Our recommendation for most n8n workflows: Qwen 2.5 7B. It handles structured tasks exceptionally well and produces clean, consistent outputs — exactly what automation workflows need.

Configure training

Ertas auto-configures the training parameters based on your dataset:

LoRA rank: Automatically selected based on task complexity (typically 16-32 for automation tasks)
Learning rate: Optimized for your dataset size
Epochs: Usually 3-5 for automation datasets
Validation split: 10% of your data is held out for evaluation

You can adjust these if you want, but the defaults are tuned for automation use cases and work well out of the box.

Start training

Click "Start Training." Depending on your dataset size:

200-500 examples: ~15-20 minutes
500-1,000 examples: ~25-35 minutes
1,000+ examples: ~35-50 minutes

You can watch the training loss curve in real time. For automation tasks, you typically see the loss drop sharply in the first epoch and stabilize by epoch 3.

Evaluate results

When training completes, Ertas shows you:

Accuracy metrics: For classification tasks, you get precision, recall, and F1 scores broken down by class.
Side-by-side comparisons: Your fine-tuned model's outputs vs. the original GPT-4 outputs for test examples.
Sample predictions: Run any input through the model and see the output instantly.

What to look for:

Classification accuracy above 90% (for well-defined categories)
Extraction completeness (all fields captured)
Generation quality (reads naturally, matches expected format)

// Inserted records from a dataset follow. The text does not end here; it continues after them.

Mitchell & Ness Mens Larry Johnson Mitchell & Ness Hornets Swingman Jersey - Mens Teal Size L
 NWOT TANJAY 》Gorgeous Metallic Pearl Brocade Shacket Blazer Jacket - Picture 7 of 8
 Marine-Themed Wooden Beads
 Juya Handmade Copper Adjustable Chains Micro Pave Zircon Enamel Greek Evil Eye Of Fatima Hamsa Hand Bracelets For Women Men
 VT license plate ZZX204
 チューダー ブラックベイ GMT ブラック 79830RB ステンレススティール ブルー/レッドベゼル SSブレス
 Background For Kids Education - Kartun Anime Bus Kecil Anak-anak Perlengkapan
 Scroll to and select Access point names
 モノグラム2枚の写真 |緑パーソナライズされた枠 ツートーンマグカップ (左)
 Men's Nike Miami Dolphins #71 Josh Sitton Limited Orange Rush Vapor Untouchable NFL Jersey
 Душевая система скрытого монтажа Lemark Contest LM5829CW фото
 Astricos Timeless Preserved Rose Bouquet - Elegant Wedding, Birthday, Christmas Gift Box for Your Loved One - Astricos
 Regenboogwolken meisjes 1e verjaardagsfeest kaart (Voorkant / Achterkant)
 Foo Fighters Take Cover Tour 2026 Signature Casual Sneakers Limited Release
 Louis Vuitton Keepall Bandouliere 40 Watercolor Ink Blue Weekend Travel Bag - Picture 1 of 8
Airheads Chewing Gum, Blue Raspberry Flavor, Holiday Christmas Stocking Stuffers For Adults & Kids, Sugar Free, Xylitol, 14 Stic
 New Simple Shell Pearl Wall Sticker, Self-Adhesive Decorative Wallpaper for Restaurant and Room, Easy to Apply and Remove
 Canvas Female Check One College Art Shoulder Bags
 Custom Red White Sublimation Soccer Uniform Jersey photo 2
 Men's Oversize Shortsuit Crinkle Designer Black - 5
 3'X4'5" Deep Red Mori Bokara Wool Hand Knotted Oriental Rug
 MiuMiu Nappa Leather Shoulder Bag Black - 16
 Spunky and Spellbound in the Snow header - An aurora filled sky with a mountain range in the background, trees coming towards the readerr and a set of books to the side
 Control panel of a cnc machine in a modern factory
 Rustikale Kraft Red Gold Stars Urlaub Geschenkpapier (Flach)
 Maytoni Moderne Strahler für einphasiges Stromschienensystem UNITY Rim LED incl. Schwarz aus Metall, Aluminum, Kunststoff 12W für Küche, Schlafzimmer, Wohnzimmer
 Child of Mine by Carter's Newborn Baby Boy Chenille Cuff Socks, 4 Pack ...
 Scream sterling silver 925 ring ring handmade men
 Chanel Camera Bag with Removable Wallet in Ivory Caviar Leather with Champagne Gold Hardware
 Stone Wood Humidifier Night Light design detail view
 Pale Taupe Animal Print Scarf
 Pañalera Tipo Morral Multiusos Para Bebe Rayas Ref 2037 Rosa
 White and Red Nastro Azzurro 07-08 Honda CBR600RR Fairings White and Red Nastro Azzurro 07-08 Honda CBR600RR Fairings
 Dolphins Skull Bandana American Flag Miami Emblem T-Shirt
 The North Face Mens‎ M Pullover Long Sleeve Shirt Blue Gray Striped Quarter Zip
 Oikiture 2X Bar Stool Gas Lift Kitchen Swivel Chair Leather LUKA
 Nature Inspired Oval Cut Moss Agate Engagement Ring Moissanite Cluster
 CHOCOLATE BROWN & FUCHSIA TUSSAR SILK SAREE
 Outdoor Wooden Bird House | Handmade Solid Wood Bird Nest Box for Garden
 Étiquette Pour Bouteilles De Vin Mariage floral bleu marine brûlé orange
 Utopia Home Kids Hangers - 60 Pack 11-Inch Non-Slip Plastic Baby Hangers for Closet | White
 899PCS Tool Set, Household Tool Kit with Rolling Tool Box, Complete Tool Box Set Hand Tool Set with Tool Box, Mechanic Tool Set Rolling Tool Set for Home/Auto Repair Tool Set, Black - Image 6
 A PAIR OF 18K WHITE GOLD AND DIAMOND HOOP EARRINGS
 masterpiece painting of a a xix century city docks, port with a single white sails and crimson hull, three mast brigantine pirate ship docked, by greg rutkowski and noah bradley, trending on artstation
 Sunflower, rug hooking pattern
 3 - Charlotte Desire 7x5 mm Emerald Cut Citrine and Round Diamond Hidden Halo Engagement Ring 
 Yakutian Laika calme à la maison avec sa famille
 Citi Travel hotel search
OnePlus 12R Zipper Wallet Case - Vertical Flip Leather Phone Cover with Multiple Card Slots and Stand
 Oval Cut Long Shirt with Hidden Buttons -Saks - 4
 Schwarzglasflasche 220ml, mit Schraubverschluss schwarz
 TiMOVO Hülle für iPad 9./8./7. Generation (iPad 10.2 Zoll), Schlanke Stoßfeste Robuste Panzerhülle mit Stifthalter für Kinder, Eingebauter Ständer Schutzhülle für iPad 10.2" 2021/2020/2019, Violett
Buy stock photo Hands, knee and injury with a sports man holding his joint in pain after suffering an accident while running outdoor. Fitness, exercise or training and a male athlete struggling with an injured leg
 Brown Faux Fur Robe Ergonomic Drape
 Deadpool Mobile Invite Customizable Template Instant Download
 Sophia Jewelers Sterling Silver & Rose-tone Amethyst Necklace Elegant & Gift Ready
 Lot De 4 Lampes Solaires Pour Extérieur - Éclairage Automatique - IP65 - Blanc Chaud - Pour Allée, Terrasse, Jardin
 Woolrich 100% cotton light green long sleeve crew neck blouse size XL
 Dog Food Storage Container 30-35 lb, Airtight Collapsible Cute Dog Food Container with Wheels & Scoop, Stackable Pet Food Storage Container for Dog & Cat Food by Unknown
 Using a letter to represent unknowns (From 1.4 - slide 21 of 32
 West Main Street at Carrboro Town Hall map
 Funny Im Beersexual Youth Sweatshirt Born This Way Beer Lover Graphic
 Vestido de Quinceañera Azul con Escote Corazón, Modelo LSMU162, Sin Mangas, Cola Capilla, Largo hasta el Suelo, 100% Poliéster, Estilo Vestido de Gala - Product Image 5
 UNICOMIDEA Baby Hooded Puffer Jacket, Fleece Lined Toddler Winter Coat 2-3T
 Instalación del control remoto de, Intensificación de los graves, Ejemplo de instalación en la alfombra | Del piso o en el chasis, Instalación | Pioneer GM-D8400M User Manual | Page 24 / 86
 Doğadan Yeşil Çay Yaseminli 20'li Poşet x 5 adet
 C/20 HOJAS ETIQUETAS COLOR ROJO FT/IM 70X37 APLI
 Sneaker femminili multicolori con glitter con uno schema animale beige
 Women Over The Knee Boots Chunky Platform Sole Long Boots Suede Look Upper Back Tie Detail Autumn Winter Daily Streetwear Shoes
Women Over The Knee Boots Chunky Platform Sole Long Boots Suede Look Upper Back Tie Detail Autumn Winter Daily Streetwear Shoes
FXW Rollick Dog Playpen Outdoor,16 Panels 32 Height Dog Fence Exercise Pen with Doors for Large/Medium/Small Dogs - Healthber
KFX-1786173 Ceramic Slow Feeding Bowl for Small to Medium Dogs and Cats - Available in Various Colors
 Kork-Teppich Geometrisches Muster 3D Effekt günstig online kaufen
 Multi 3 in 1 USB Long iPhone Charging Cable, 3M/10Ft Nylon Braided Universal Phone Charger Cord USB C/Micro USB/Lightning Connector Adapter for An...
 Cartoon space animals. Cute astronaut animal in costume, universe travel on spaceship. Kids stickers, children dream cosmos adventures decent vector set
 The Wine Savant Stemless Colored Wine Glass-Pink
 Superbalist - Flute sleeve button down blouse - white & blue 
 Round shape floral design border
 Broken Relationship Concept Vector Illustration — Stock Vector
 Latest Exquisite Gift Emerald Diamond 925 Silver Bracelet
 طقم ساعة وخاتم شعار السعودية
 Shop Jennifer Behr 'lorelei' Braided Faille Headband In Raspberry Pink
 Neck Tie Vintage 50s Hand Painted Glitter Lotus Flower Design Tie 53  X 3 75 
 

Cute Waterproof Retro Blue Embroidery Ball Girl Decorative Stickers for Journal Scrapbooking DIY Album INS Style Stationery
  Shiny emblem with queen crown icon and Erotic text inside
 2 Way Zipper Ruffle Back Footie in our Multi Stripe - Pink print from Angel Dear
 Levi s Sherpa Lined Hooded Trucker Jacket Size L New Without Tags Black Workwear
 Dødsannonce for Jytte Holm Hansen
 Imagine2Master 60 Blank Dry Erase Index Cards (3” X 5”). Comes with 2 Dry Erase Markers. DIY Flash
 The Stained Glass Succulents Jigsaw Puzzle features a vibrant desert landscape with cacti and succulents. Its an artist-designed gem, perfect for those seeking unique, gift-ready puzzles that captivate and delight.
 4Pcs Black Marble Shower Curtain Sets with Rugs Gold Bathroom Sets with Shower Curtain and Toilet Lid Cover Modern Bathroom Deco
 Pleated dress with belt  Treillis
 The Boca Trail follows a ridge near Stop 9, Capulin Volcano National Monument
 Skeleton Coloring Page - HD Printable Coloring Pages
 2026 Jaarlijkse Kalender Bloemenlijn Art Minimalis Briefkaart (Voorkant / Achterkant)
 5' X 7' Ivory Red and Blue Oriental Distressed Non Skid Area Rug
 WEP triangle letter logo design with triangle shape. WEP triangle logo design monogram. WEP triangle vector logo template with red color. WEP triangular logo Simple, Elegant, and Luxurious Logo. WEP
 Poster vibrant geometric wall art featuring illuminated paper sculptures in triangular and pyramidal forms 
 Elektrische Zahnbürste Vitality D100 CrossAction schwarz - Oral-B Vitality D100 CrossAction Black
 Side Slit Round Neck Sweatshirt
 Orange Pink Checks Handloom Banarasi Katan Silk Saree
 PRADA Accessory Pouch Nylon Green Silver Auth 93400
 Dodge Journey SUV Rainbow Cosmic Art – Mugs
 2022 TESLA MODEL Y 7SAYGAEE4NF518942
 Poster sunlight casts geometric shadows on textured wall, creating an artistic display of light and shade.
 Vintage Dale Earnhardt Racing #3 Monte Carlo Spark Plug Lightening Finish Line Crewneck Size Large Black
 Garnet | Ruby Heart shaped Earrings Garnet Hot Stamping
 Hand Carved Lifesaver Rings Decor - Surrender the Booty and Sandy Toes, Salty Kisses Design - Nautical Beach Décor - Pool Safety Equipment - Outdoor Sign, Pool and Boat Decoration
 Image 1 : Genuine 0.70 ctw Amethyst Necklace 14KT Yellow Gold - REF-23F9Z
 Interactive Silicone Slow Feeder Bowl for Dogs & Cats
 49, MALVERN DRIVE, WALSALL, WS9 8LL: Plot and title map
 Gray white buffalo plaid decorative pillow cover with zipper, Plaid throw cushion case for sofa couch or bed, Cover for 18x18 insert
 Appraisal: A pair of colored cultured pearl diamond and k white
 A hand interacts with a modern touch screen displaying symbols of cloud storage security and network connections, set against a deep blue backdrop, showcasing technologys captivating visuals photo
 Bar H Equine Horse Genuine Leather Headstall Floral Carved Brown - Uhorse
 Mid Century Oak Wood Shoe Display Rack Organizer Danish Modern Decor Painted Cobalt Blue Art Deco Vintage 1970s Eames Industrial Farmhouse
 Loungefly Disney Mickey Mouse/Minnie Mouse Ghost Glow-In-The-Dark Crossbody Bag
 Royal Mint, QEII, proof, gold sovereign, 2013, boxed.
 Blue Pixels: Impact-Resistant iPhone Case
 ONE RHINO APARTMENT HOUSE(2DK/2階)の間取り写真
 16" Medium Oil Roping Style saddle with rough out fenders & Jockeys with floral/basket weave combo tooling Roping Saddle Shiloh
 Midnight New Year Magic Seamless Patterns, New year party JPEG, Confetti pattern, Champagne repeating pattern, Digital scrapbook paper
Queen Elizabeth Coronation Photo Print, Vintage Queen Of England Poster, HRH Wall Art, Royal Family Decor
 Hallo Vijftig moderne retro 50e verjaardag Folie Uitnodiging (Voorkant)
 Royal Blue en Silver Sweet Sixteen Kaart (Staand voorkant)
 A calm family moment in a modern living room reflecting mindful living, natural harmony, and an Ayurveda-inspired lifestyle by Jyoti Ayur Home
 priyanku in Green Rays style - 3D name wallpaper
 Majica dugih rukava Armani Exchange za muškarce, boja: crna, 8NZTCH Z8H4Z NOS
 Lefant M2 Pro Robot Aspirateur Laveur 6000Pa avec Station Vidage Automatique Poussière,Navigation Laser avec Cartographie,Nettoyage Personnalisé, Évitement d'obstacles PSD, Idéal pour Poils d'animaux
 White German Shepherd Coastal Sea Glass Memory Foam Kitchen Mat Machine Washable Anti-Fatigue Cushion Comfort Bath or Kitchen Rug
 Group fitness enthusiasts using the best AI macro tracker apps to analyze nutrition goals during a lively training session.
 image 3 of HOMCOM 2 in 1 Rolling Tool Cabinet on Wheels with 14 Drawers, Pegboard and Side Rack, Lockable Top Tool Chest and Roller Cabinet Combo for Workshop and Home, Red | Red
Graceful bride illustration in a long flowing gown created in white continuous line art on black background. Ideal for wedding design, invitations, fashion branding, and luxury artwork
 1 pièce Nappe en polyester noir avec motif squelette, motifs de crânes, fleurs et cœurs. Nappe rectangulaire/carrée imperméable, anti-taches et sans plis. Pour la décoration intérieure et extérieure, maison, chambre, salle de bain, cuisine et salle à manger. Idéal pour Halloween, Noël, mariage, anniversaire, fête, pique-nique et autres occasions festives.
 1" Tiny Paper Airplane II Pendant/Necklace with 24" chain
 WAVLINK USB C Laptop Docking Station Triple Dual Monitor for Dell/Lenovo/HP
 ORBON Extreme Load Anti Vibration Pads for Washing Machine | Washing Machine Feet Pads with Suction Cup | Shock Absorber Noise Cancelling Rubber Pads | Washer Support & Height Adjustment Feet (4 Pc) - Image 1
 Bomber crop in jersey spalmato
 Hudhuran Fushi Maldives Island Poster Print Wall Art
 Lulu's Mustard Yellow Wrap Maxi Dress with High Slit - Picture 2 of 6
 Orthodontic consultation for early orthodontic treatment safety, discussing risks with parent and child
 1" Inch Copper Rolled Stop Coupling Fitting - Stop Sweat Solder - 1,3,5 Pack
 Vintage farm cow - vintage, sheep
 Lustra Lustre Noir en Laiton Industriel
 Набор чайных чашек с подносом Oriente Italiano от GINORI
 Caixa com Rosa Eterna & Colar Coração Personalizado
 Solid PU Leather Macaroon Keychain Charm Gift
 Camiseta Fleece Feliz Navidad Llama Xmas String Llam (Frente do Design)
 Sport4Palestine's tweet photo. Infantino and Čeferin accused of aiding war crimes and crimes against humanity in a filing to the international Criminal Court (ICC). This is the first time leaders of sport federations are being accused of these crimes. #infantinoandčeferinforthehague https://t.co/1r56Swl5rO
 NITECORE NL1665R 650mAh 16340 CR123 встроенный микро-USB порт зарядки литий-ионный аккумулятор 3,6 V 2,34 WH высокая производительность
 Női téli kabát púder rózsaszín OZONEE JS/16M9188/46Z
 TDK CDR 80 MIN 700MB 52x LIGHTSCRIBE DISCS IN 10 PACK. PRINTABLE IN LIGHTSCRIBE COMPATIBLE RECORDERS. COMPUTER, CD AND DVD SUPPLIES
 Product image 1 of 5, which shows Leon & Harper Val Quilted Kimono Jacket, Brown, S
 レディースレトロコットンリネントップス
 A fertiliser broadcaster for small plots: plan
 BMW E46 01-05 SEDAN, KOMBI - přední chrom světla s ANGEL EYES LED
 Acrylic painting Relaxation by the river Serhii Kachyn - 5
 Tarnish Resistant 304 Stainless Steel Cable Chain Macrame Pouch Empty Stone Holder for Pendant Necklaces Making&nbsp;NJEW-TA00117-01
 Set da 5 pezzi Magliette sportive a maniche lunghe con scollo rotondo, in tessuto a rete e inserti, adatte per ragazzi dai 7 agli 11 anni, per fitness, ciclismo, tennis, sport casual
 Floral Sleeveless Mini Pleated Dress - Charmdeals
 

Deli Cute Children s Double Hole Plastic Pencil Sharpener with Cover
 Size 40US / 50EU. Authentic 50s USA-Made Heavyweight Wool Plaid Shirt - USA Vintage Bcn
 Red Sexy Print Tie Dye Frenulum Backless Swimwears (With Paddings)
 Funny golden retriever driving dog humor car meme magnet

If quality isn't where you need it, the most common fixes are:

Add more training examples (especially for underperforming categories)
Clean up inconsistent training pairs
Increase LoRA rank (from 16 to 32)

Step 3: Export to GGUF and Load in Ollama

Export from Ertas

In your Ertas project, click "Export Model"
Select GGUF format
Choose Q4_K_M quantization — this is the optimal balance between quality and file size for 7B models:

Quantization	File Size (7B)	Quality	Speed
Q8_0	~7.5GB	Highest	Slower
Q5_K_M	~5.5GB	Very High	Medium
Q4_K_M	~4.5GB	High	Fast
Q3_K_M	~3.5GB	Good	Fastest

Q4_K_M gives you about 99% of the quality at 60% of the file size compared to Q8. For automation tasks where outputs are short and structured, the quality difference is negligible.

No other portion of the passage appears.